None of the characters talk about bodily discomfort issues. There is a
nightmare on, and sewage entering homes should have been the first consequence.
There are some things that don’t make
sense. How is a parking lot dry when tall buildings are flooded, with only the
tips visible?
I would have liked to have had a little
more back story about Kota. He seems to be a token diversity character. We are
not told anything about his background, except that his grandmother has told
him about the shui gui, spirits from Chinese folklore, while he calls his
father Baba, a term for father in Indian, Middle Eastern and African cultures.
WHAT DIDN’T WORK FOR ME:
The situation isn’t rooted in time and
place. We get no sense of when this is happening, a future time, or even a
parallel earth.
When Kota steps into an abyss inside a
building to get a canoe, Aurora gives him a flashlight which he clenches
between his teeth, before swimming away. Moments later, both Aurora and another
character, Markell, ask him a question, and he answers both questions easily.

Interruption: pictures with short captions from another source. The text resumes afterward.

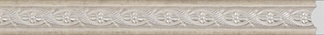 Багет интерьерный 1018-04к 2,5м
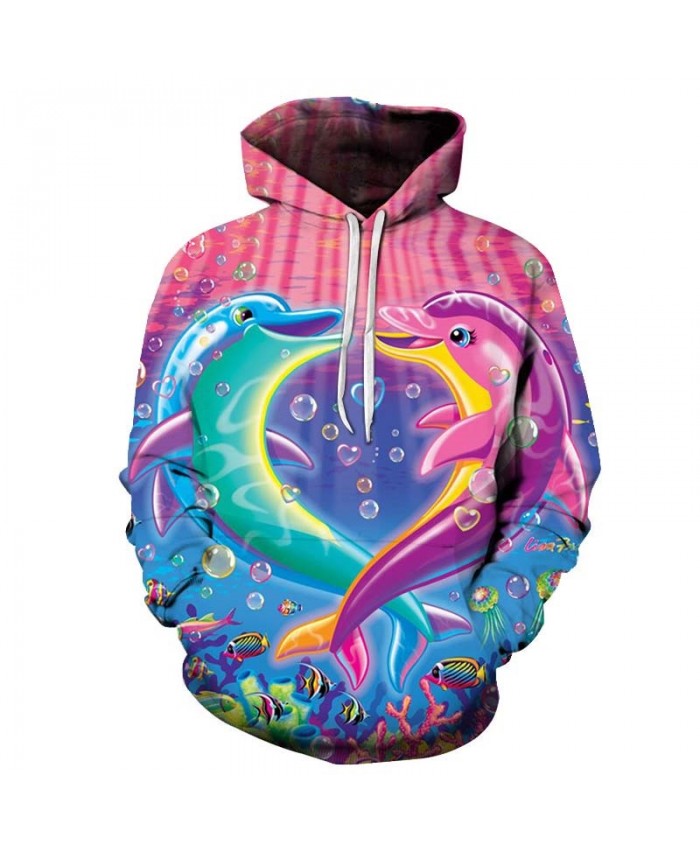 2021 New Fish To Mouth Men hoodies Pullover Sportsuit Pullover Sweatshirt Casual Hoodie Long Sleeve Men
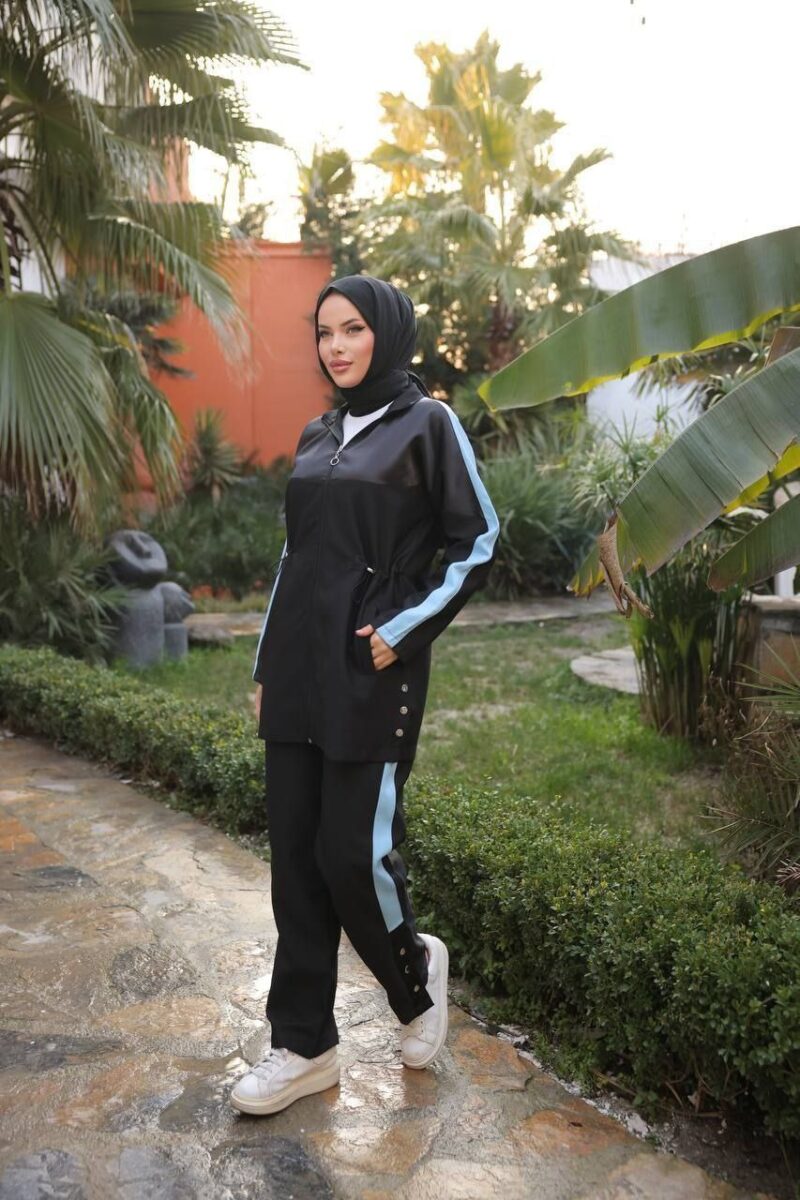 ⁦Pajamas⁩ - الصورة ⁦3⁩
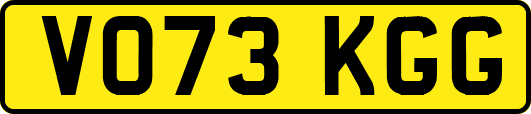 VO73KGG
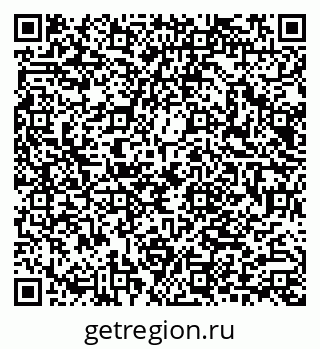 79040808533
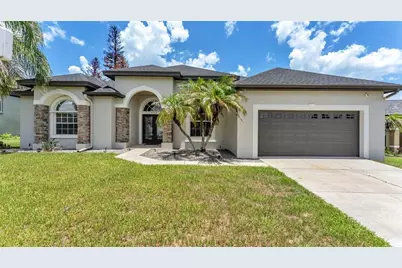 6714 Highlands Creek Loop, Lakeland, FL 33813 - Photo 45
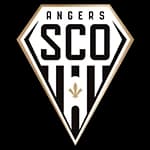 Angers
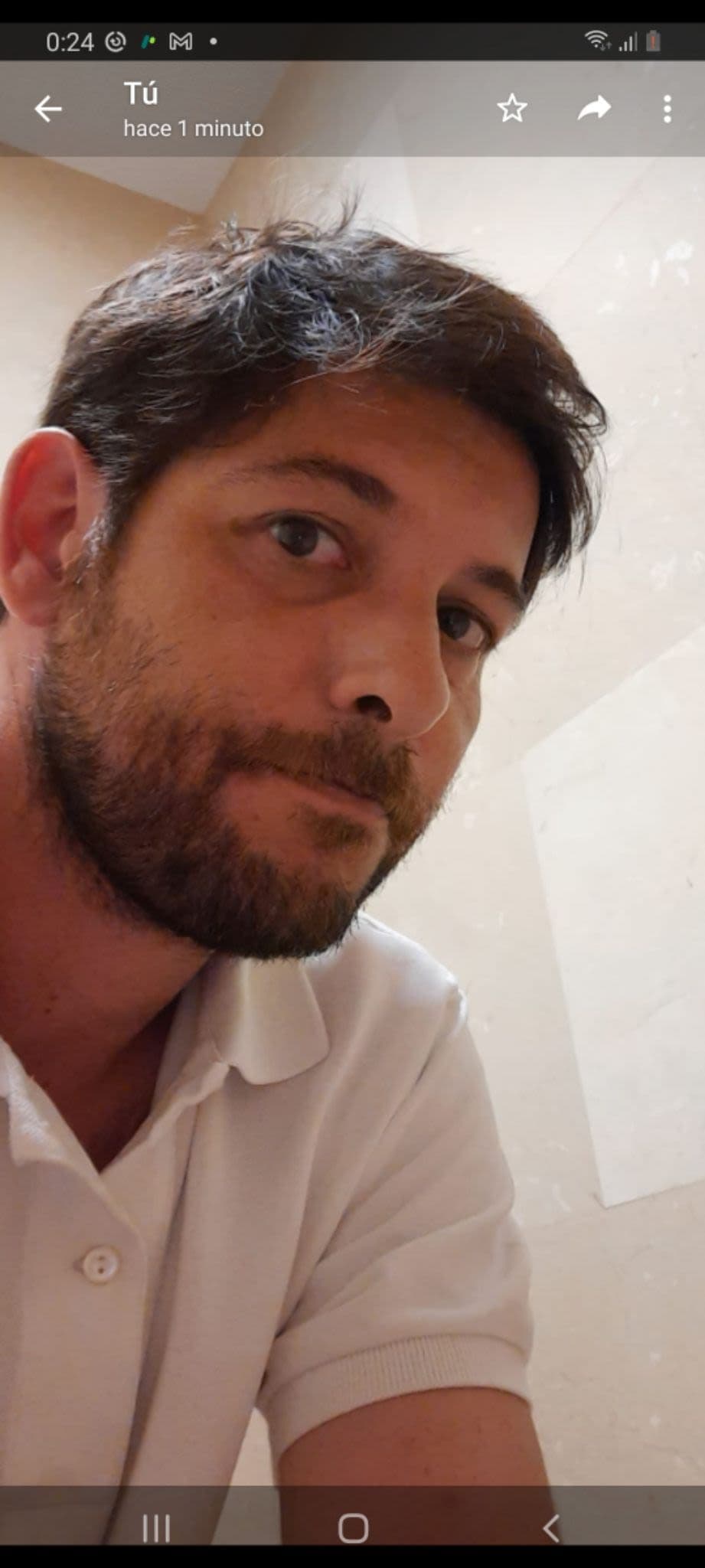 Marc Martínez Menchén 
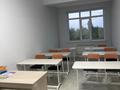 Еркін · 601.3 м², бағасы: 150 млн ₸ в Жанатурмысе — фото 9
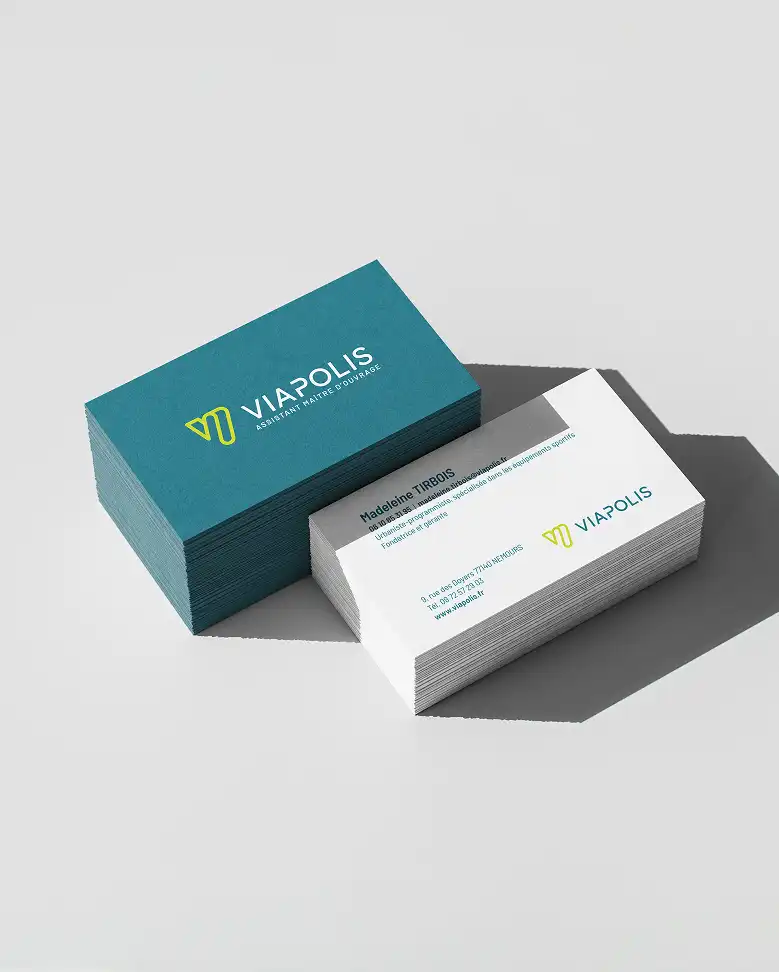 deuzef-carte-a-jouer viapolis
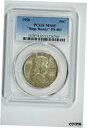 1956 PCGS MS65 "バッグス バニー" FS-401 フランクリン ハーフダラー - 価格ガイド $1801956 PCGS MS65 "Bugs Bunny" FS-401 Franklin Half Dollar - Price Guide $180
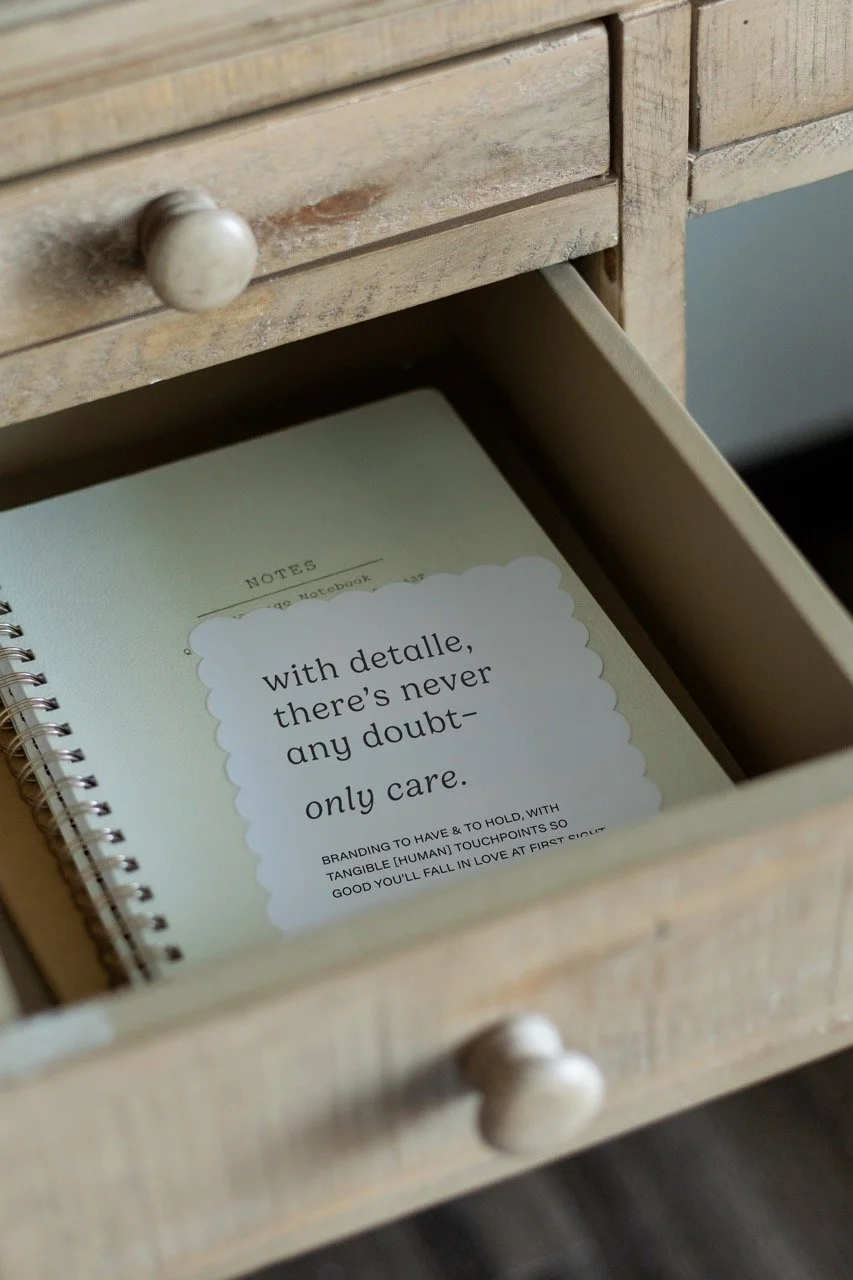 detalledesignbrand-15 Large.jpeg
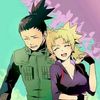 shikamaru4985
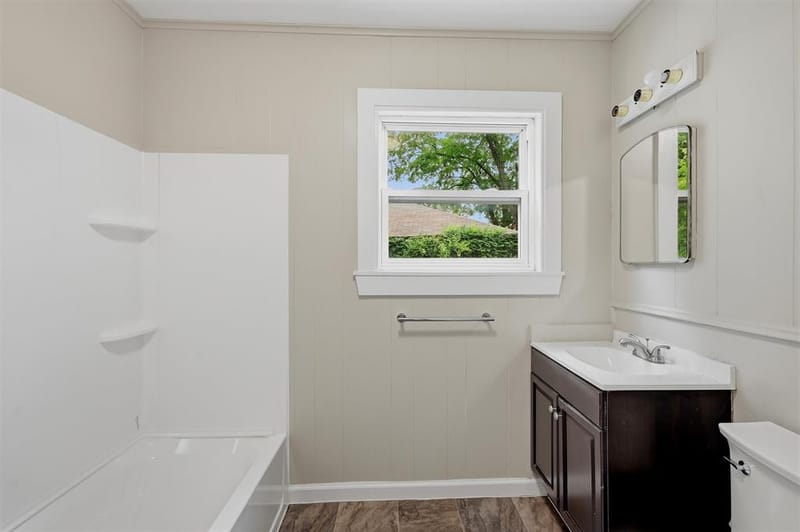 408 S Tone Avenue, Denison TX 75020 - Photo 15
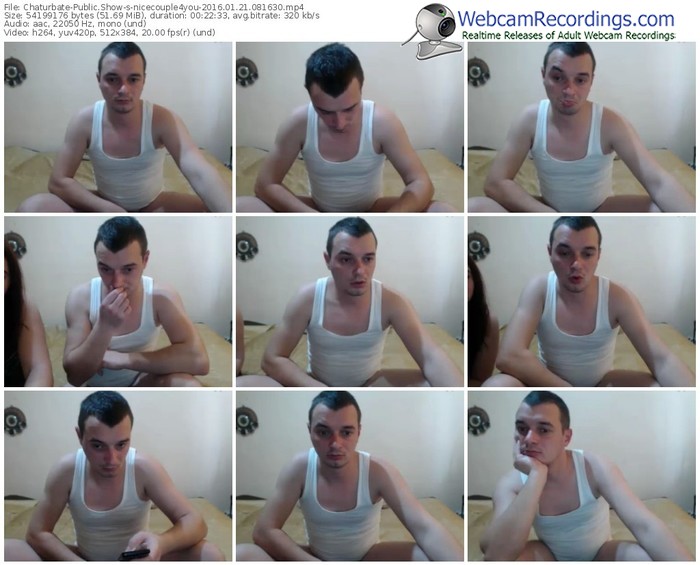 chaturbate-nicecouple4you-webcam-show-01_21_2016-08_16_30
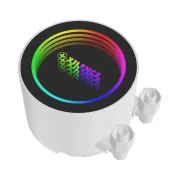 Система рідинного охолодження Xilence LQ360G.W.ARGB (XC998) (UA)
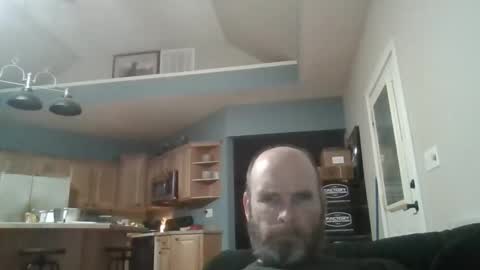 my_banana_creampies online show from 26, 2, 2026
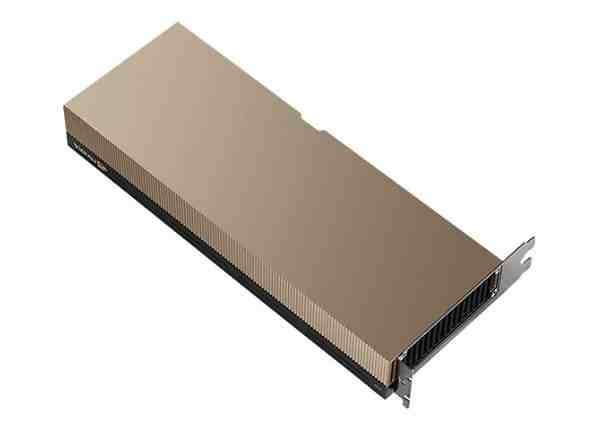 Supermicro GPU-NVH100NVL Ускоритель вычислений NVIDIA H100 NVL (Устаревший артикул) |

We are not told about him having taken the flashlight out of his mouth to
answer.
Aurora didn’t act as if she was 17. She
seemed to me to be younger, around 14 or 15. Also, for someone who has lived
all her life in the foster system, she has no experiences, positive or
negative, related to foster homes. Just an indifference to that part of her
life, which is strange. Also, she never talks about herself in the near future,
her plans for when she turns 18. This adds to the impression that she might be
younger.
ALL SAID AND DONE:
Living in a city with poor
infrastructure, I have seen enough of the damage that flooding can do to assess
how much worse things could get when worst-case scenarios become real. There
are some kinks that should have been edited out. Despite them, I enjoyed this
story about a modern-day deluge of Biblical proportions.
(I read this book on Edelweiss. Thank you to the author, the publisher and Edelweiss.)